■ What is needed: In the records below, find the line with "Canasta de Frutas", then retype it and every following line exactly, stopping after the line with "Ceramic Plates, Abstract Decor". Leave the pictures out.

■ Excerpted records:
═══
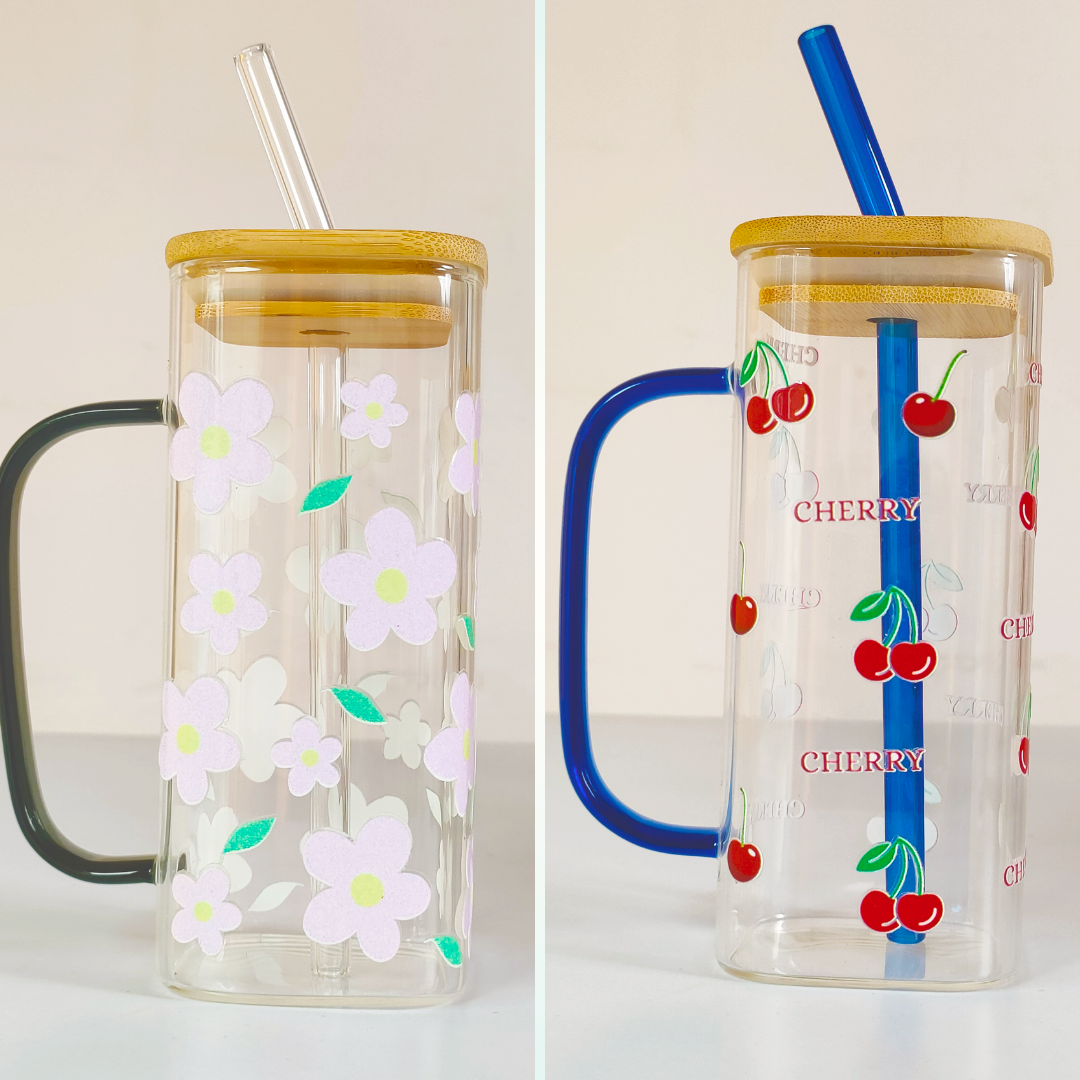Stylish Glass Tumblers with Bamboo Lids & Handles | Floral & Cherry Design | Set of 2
═══
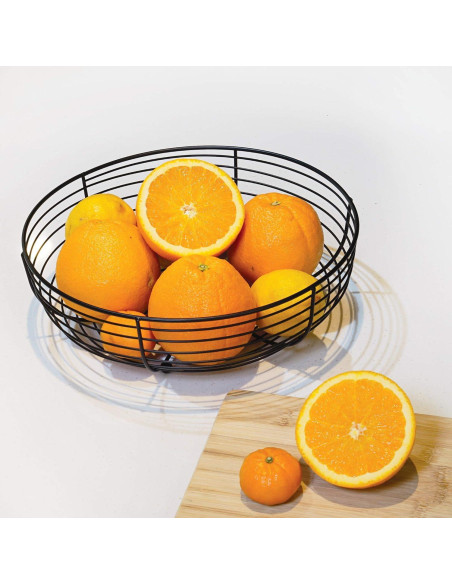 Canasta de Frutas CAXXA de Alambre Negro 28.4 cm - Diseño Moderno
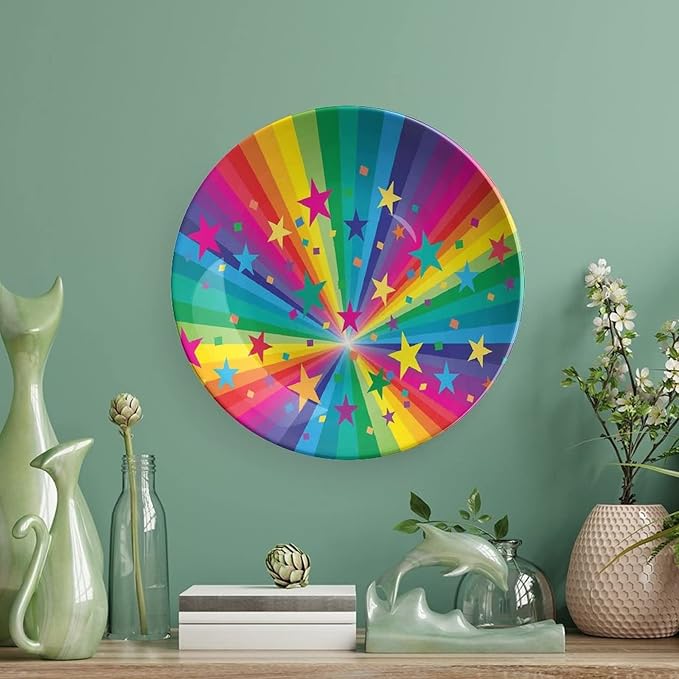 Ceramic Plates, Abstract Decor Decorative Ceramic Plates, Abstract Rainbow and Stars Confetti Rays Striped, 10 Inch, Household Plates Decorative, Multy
═══
■ Your response:
 Canasta de Frutas CAXXA de Alambre Negro 28.4 cm - Diseño Moderno
 Ceramic Plates, Abstract Decor Decorative Ceramic Plates, Abstract Rainbow and Stars Confetti Rays Striped, 10 Inch, Household Plates Decorative, Multy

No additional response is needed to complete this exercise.